Die Vereidigung des neuen Präsidenten der USA, Barack Obama, wurde auch von vielen Menschen in ganz Europa verfolgt. Ich plage hier also niemanden mit historischen Details, der richtigen Reihenfolge der Wörter des Schwurs, oder der Aufzählung der gesamten Prozedur. Was ich aber erzählen kann ist, wie man hier bei uns in West Hartford diesen Tag erlebt hat.

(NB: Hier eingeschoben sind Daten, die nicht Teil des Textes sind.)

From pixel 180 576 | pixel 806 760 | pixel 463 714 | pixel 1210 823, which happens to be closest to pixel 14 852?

In Downtown West Hartford gibt es das Restaurant “Grants”, das zusammen mit einem lokalen Radiosender kostenlose T-Shirts und Chili verteilt hat. Also haben Claudia und ich uns in die Kälte gewagt und uns in die Schlange der Hungrigen eingereiht. Leider ist das “Grants” auf der Schattenseite der Hauptstraße, aber das Chili hat uns mit den kalten Füßen versöhnt.
Und so sieht man aus, wenn man beim Radio arbeitet, nicht zwingend, aber vielleicht hat man es dann leichter…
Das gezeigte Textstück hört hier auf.